_The task_
When the line with "Mini valigia cosmetica" turns up below, begin repeating exactly, and carry on through the line with "An art display"; no pictures go into the copy.

_Task inputs_
= Beginning of Section =

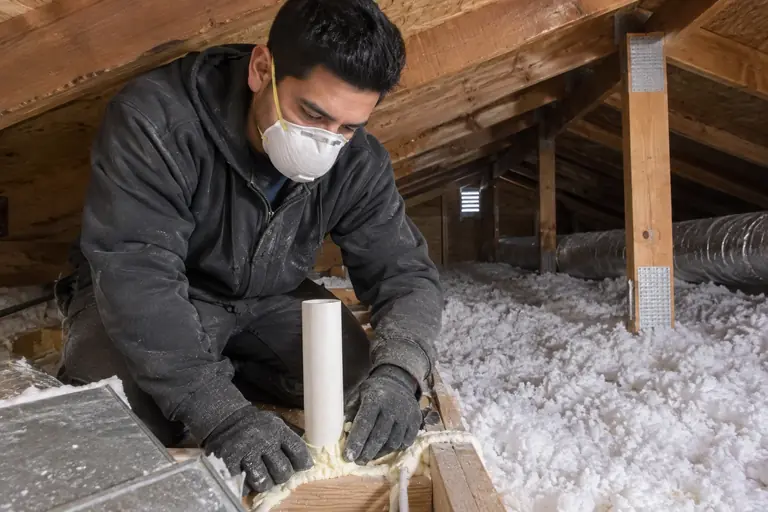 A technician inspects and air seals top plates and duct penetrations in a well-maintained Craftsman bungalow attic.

= End of Section =
= Beginning of Section =

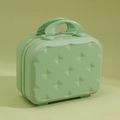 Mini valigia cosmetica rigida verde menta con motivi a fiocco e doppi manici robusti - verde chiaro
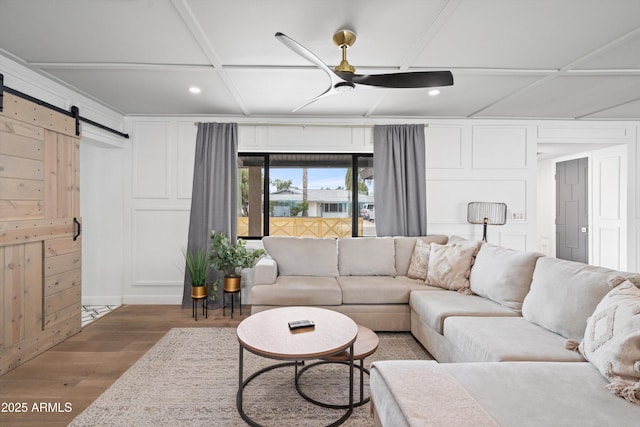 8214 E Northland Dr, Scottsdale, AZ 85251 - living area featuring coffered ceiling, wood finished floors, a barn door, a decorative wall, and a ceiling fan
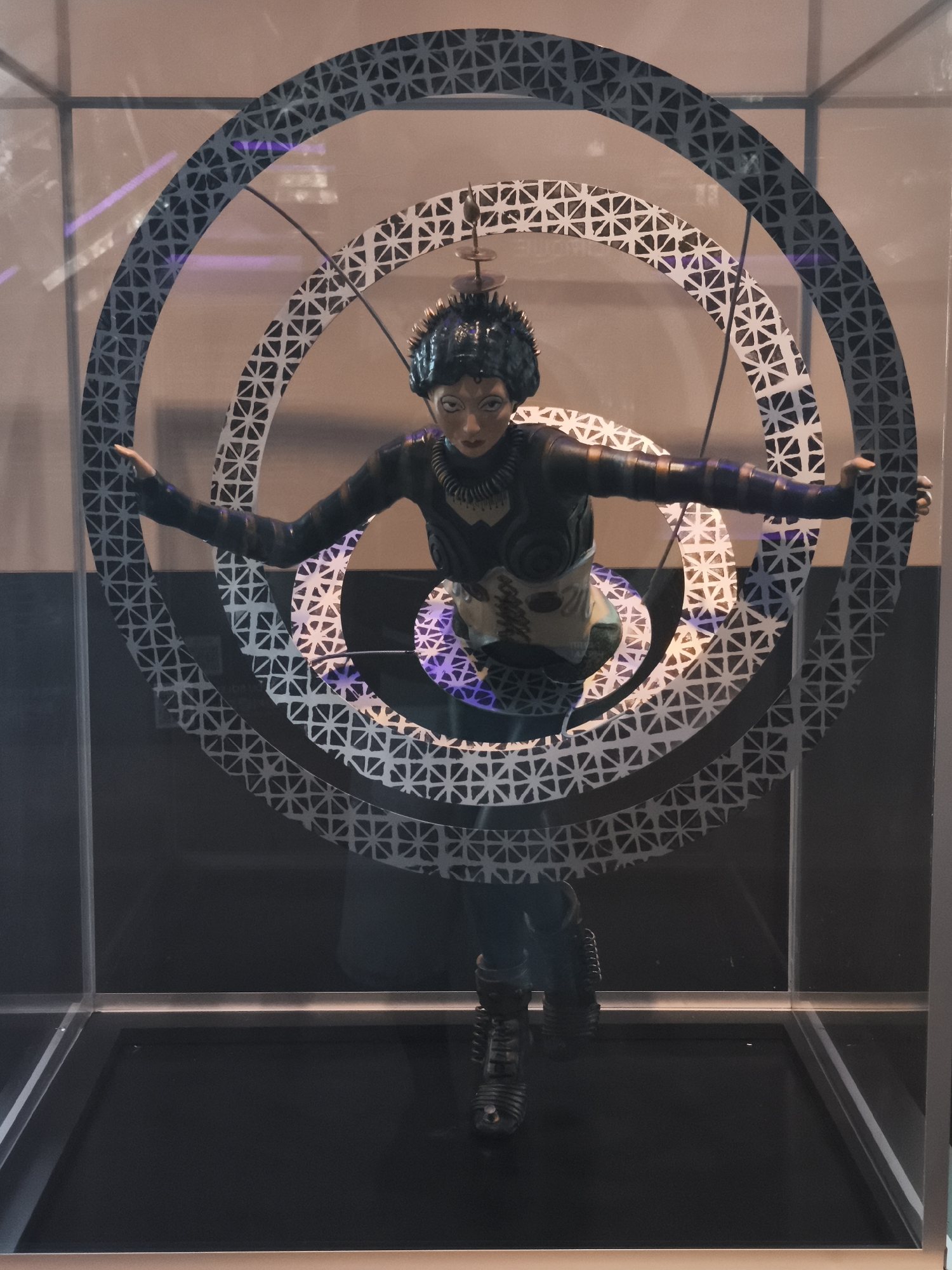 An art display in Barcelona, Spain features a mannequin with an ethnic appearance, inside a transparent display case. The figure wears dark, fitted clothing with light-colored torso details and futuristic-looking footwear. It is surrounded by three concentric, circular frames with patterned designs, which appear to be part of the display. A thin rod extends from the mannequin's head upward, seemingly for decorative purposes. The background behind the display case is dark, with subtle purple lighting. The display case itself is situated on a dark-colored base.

= End of Section =
= Beginning of Section =

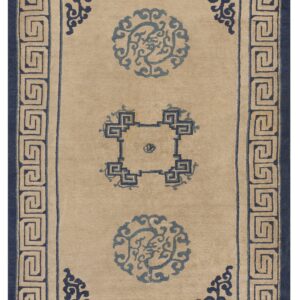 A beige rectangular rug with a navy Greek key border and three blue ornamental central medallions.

= End of Section =

_Response below_
 Mini valigia cosmetica rigida verde menta con motivi a fiocco e doppi manici robusti - verde chiaro
 8214 E Northland Dr, Scottsdale, AZ 85251 - living area featuring coffered ceiling, wood finished floors, a barn door, a decorative wall, and a ceiling fan
 An art display in Barcelona, Spain features a mannequin with an ethnic appearance, inside a transparent display case. The figure wears dark, fitted clothing with light-colored torso details and futuristic-looking footwear. It is surrounded by three concentric, circular frames with patterned designs, which appear to be part of the display. A thin rod extends from the mannequin's head upward, seemingly for decorative purposes. The background behind the display case is dark, with subtle purple lighting. The display case itself is situated on a dark-colored base.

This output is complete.